▸ WORK TO BE COMPLETED
Output range, inclusive: from the line containing "Jimmy Choo Gold" to the line containing "thumbnail image 2". Restate those lines from the data below word for word and only those.
*** Opening INPUT DATA ***
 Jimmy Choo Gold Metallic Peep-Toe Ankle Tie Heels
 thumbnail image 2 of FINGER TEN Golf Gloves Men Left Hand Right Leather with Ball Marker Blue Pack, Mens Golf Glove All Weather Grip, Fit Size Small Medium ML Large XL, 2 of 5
*** Closing INPUT DATA ***
*** Opening INPUT DATA ***
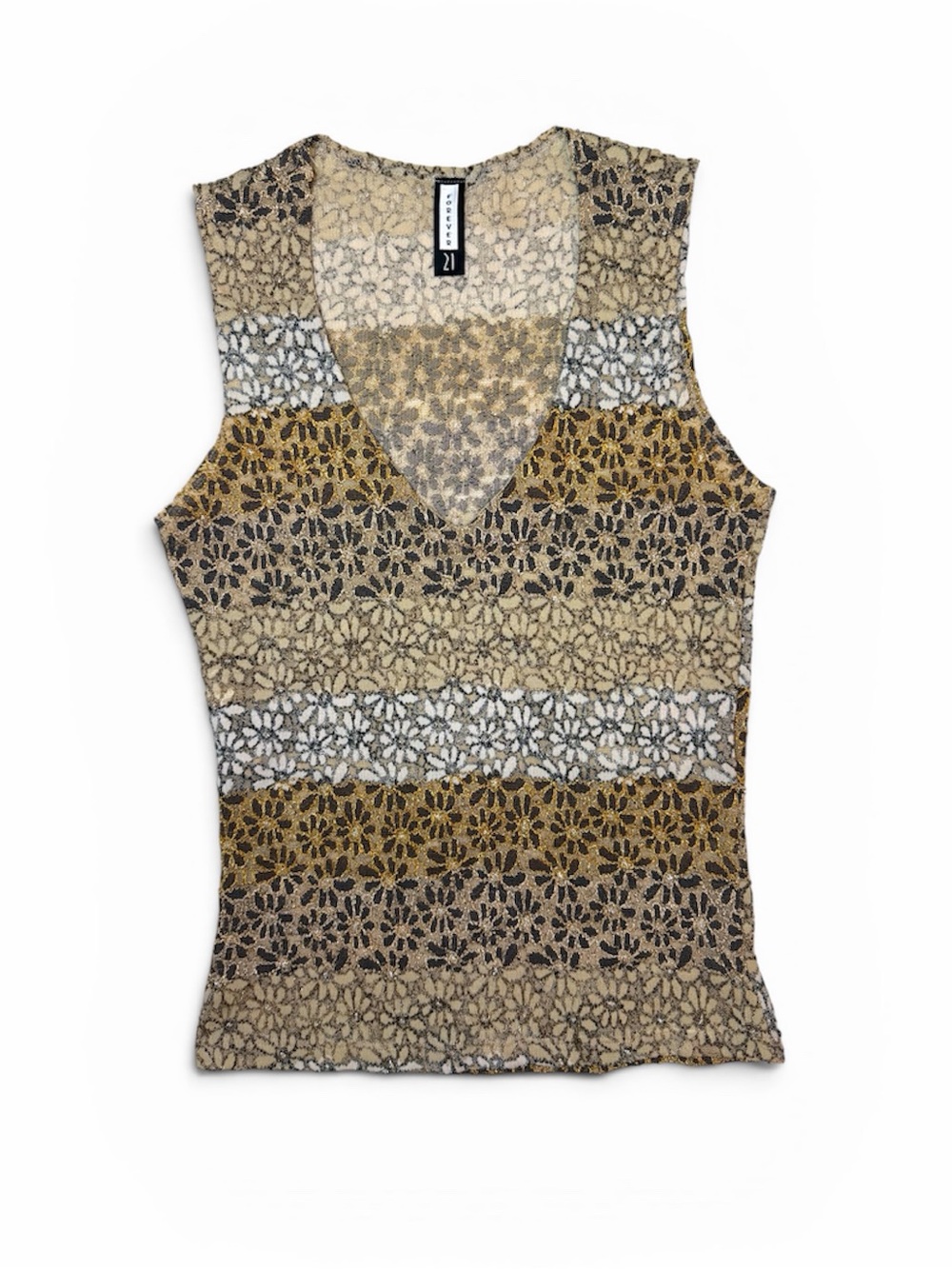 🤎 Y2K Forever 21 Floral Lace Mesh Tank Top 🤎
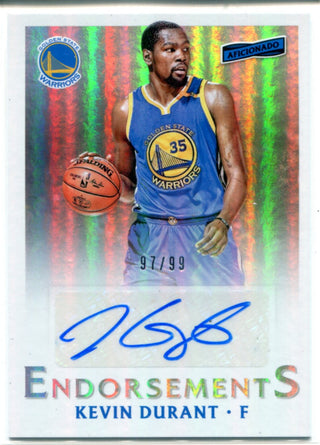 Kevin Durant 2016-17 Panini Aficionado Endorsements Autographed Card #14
*** Closing INPUT DATA ***
▸ SOLUTION TO THIS PROBLEM
 Jimmy Choo Gold Metallic Peep-Toe Ankle Tie Heels
 thumbnail image 2 of FINGER TEN Golf Gloves Men Left Hand Right Leather with Ball Marker Blue Pack, Mens Golf Glove All Weather Grip, Fit Size Small Medium ML Large XL, 2 of 5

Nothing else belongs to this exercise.